Il est totalement neutre. Je ne saurai dire ce qu'il pense. Poséidon pose son regard brûlant sur moi. Le masque sur son visage semble se fissurer quelques instants avant de se reconstituer. À mon grand déplaisir puisqu'il est toujours déstabilisant de ne pas savoir ce que pense ou ressens le maître des océans. Je ne dis rien et me contente d'observer les alentours. Cet endroit n'a pas été visité depuis des milliers d'année. Pourtant je viens d'apercevoir, au sol, des traces de sang. Récentes. Des traces qui n'ont rien à faire là. Orphée échange un regard avec Seth. Quelque chose cloche.
- On ferai mieux d'avancer. Plus vite on y sera, plus vite ce sera finit. lâche le maître des océans et il se dirige vers la deuxième partie de la salle, en sautant les trois marches qui marquent le dénivelé.

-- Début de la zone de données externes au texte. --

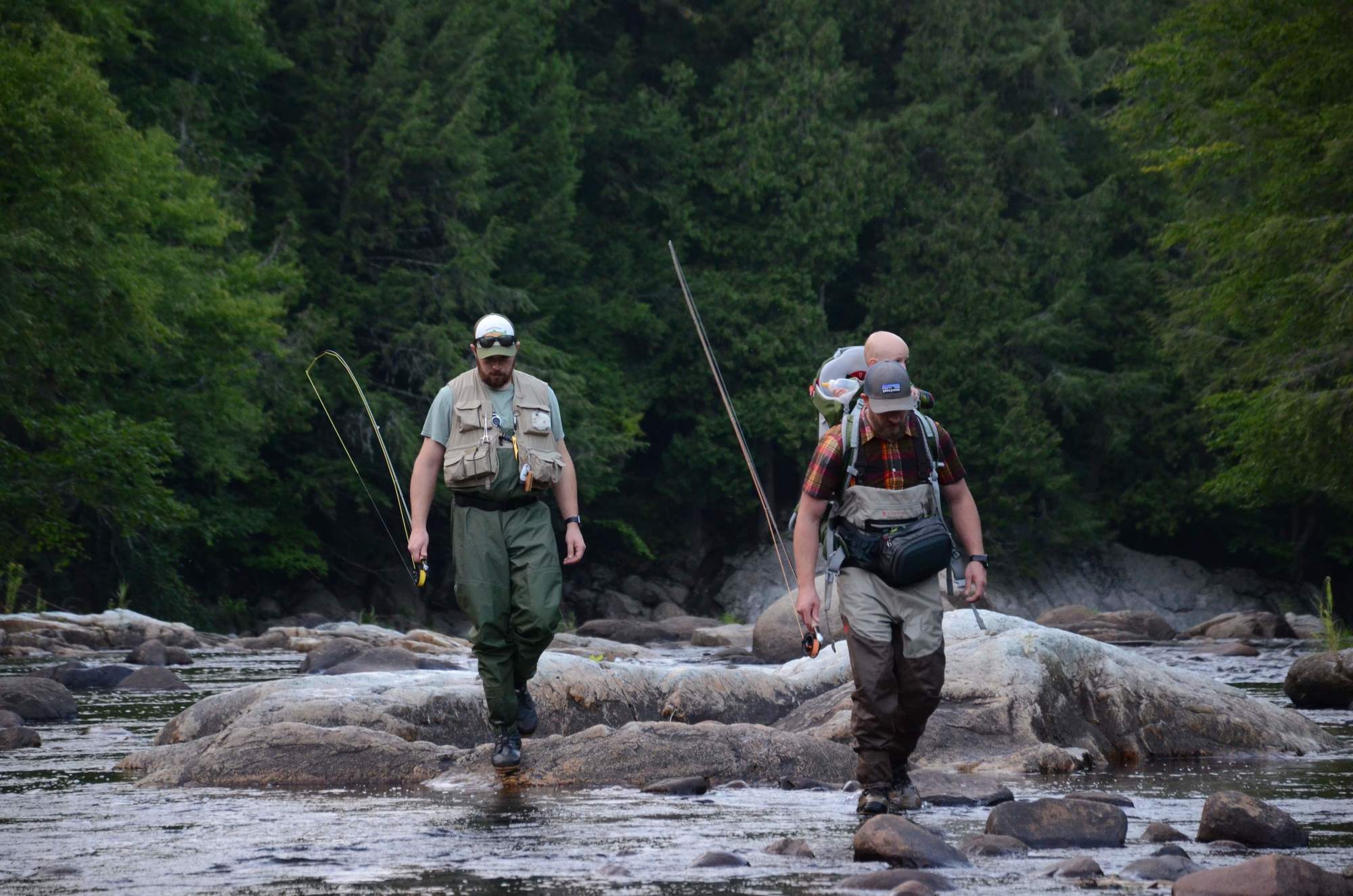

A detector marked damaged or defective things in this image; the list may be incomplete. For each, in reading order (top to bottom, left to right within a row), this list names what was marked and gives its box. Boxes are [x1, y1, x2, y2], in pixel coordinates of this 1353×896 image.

bent fly rod [307, 352, 428, 590]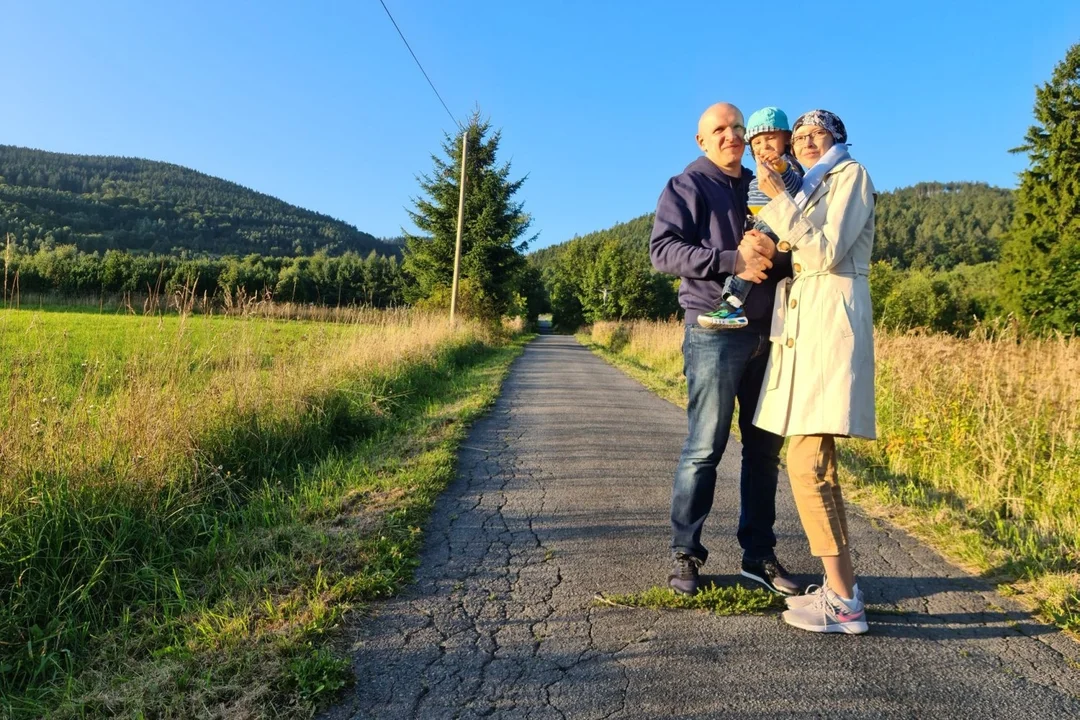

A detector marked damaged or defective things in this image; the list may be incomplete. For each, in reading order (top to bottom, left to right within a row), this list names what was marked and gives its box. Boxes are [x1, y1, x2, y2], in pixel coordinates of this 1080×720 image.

cracked asphalt [324, 334, 1080, 716]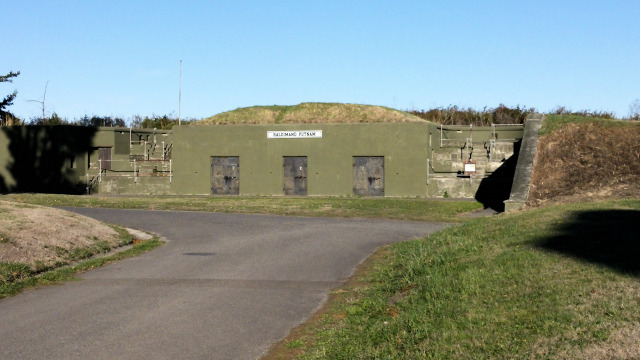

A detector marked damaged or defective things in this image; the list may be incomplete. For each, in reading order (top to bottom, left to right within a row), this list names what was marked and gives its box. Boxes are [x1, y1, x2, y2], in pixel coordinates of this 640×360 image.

rusty metal door [211, 155, 239, 194]
rusty metal door [282, 156, 308, 195]
rusty metal door [352, 156, 382, 197]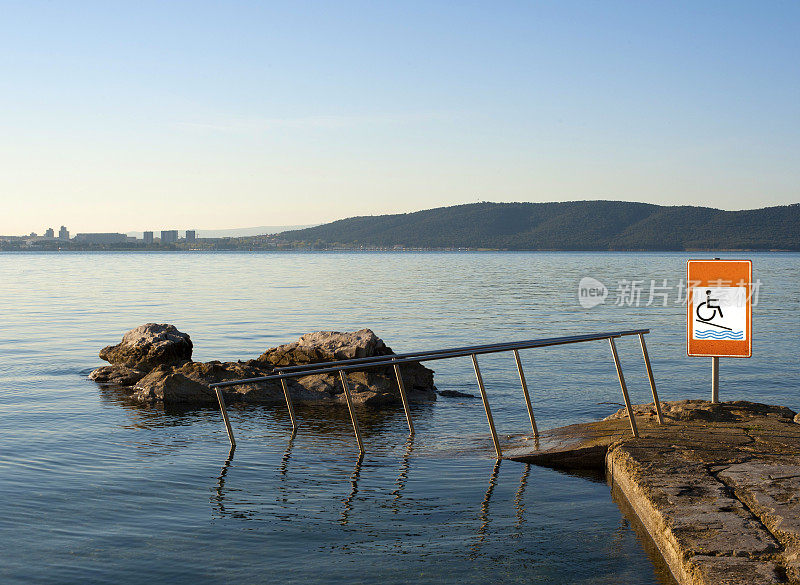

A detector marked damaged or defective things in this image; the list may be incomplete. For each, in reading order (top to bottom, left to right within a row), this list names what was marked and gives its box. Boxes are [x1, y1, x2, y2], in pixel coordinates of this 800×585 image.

corroded metal rail [208, 328, 664, 456]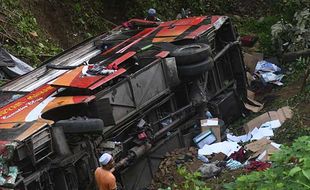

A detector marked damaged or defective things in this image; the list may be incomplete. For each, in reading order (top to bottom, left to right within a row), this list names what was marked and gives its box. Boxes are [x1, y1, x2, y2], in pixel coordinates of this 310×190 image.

overturned bus [0, 15, 247, 190]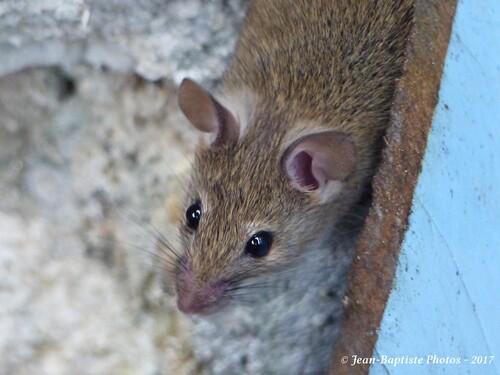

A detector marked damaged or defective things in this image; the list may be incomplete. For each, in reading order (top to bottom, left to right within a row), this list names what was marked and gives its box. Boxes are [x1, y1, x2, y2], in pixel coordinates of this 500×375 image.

rusty metal edge [328, 1, 458, 374]
rusted metal strip [328, 1, 458, 374]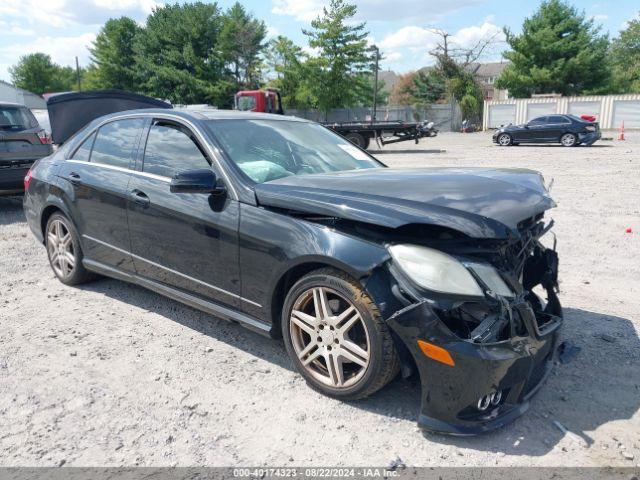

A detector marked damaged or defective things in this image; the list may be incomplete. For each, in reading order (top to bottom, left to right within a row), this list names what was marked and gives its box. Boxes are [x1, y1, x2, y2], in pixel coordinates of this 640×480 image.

damaged black sedan [25, 93, 564, 436]
broken headlight [388, 248, 482, 296]
crumpled front bumper [384, 296, 560, 436]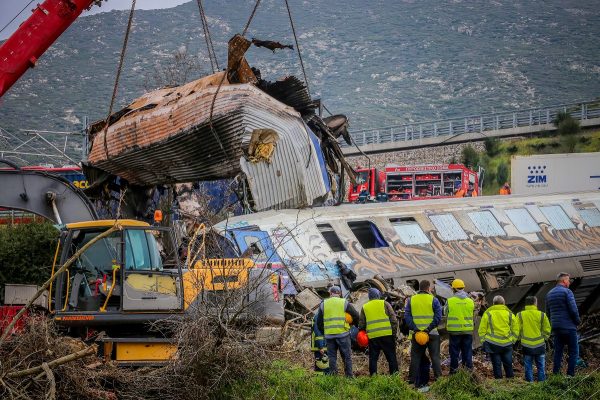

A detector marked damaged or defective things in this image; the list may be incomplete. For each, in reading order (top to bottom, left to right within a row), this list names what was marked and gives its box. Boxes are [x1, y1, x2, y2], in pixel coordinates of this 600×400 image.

broken window [314, 223, 346, 252]
broken window [346, 220, 390, 248]
broken window [390, 217, 432, 245]
broken window [432, 216, 468, 241]
broken window [466, 211, 504, 236]
broken window [504, 208, 540, 233]
broken window [540, 205, 576, 230]
broken window [576, 208, 600, 227]
wrecked train car [213, 192, 600, 314]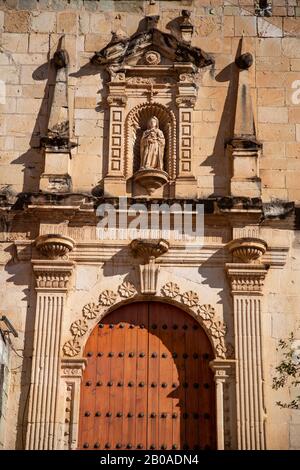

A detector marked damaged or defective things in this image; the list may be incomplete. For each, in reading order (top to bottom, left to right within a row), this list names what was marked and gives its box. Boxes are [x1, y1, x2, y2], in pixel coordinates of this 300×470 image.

broken pediment [90, 19, 214, 70]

Ligie le suit, sur ses gardes. Avant de de les rejoindre, je me tourne vers mes deux compagnons et souffle :
- Vous avez vu la même chose que moi n'est ce pas ?
- Je ne le sens pas du tout... Si des dieux sont réellement enfermés ici, ça devrait être mieux protégé...
À peine Seth finit-il sa phrase qu'un serpent, aussi venimeux que mortel, se matérialise soudain à nos pieds. Orphée se fige et se crispe immédiatement. Son geste de recul ne m'échappe pas, tout comme son rythme cardiaque qui s'accélère et la pâleur qui gagne son visage. Eurydice est morte mordue par un serpent. J'imagine que l'apparition du reptile ne doit pas lui faire vraiment plaisir. J'attrape habilement la vipère et le passe autour de mon cou, pas le moins du monde impressionnée par ses sifflements et ses crochets luisant de poison.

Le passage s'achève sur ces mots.